Your goal: Retype, word for word, only the lines from the one containing "寶不用教就會玩Get it &" through the last line of the listing below. Pictures do not belong in the result.
** Opening Given data block **
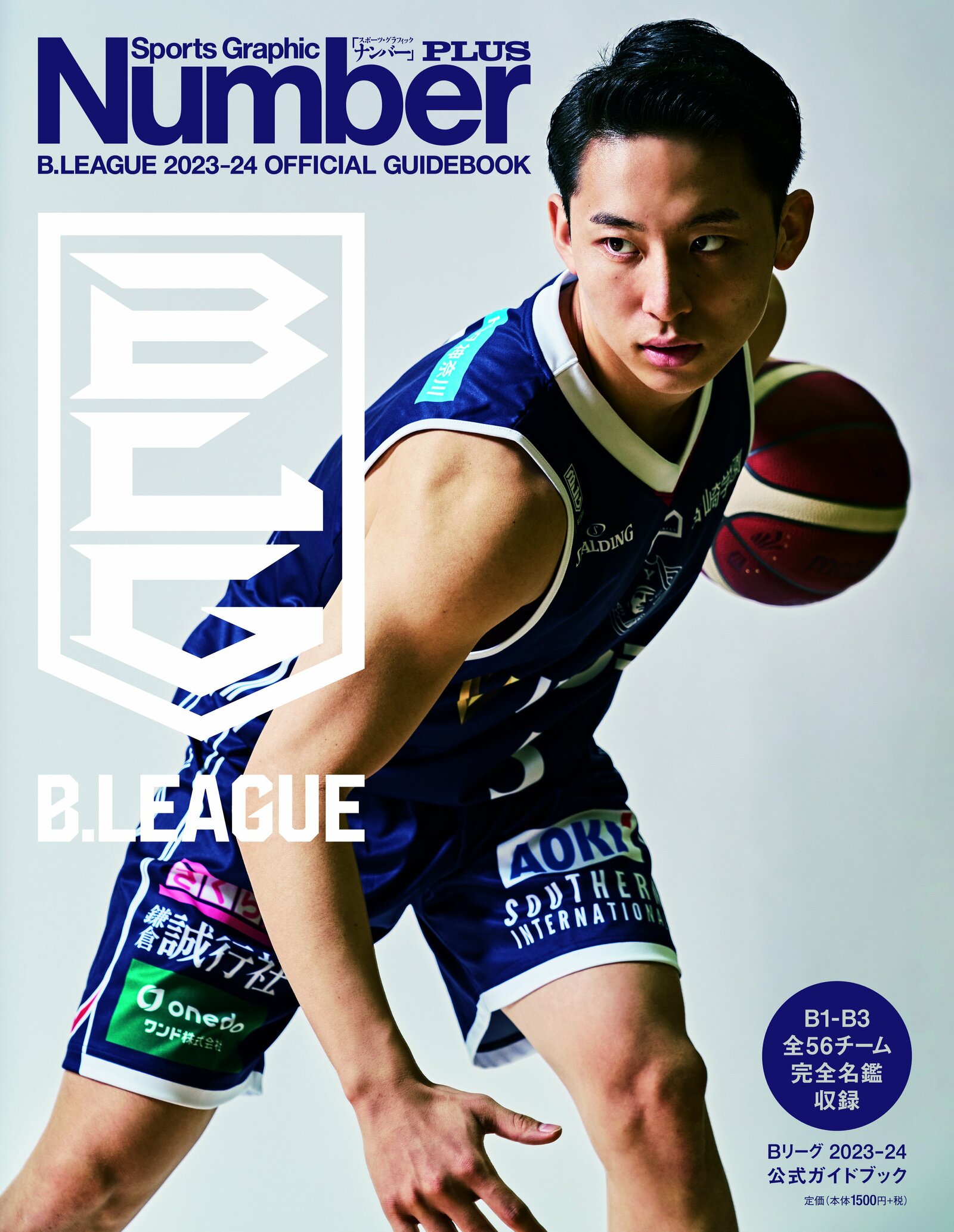 月刊 バスケットボール 全て河村勇輝ページあり 27冊セット - 趣味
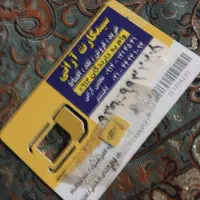 سیم کارت همراه اول وایرانسل فروش ویژه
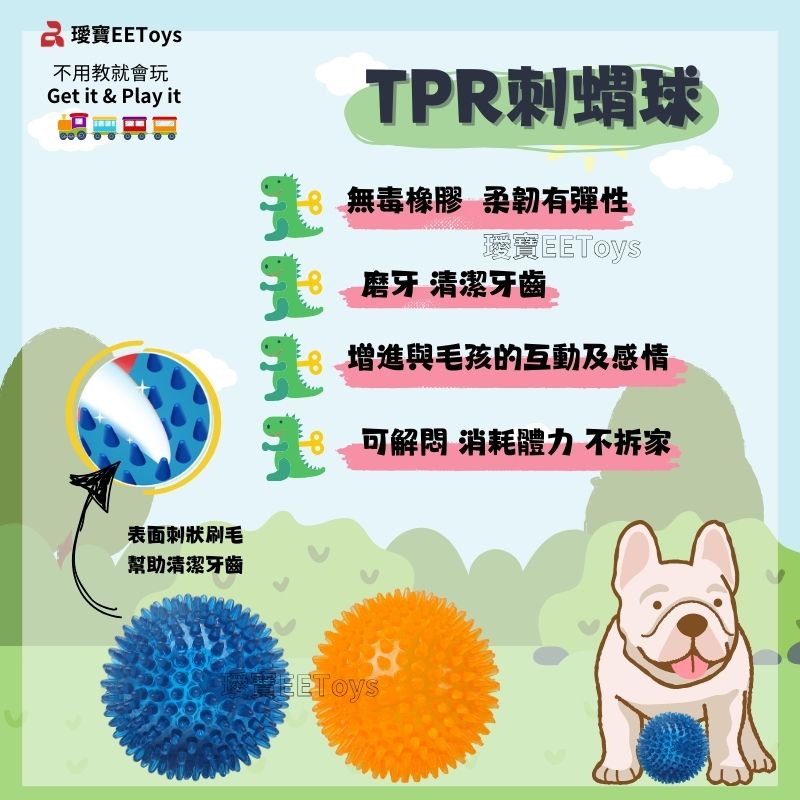 寶不用教就會玩Get it & Play itTPR刺蝟球無毒橡膠 柔韌有彈性EEToys 磨牙 清潔牙齒增進與毛孩的互動及感情可 消耗體力 不拆家表面刺狀刷毛幫助清潔牙齒
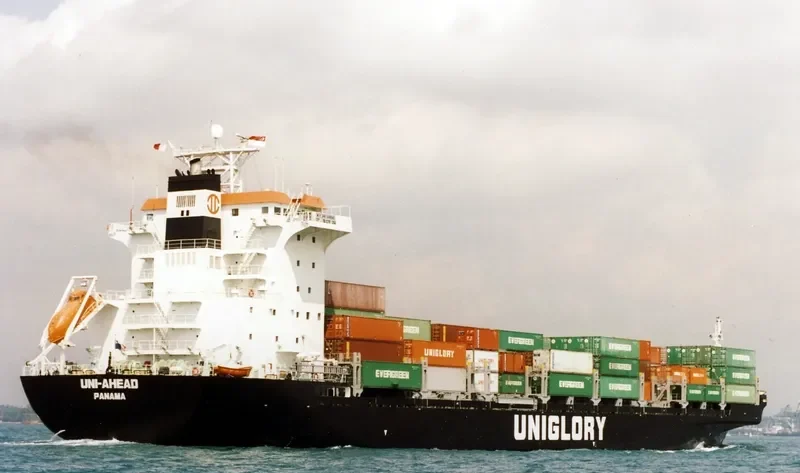 UNI Container Ship IMO 9143348 photo 7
** Closing Given data block **
Answer:
 寶不用教就會玩Get it & Play itTPR刺蝟球無毒橡膠 柔韌有彈性EEToys 磨牙 清潔牙齒增進與毛孩的互動及感情可 消耗體力 不拆家表面刺狀刷毛幫助清潔牙齒
 UNI Container Ship IMO 9143348 photo 7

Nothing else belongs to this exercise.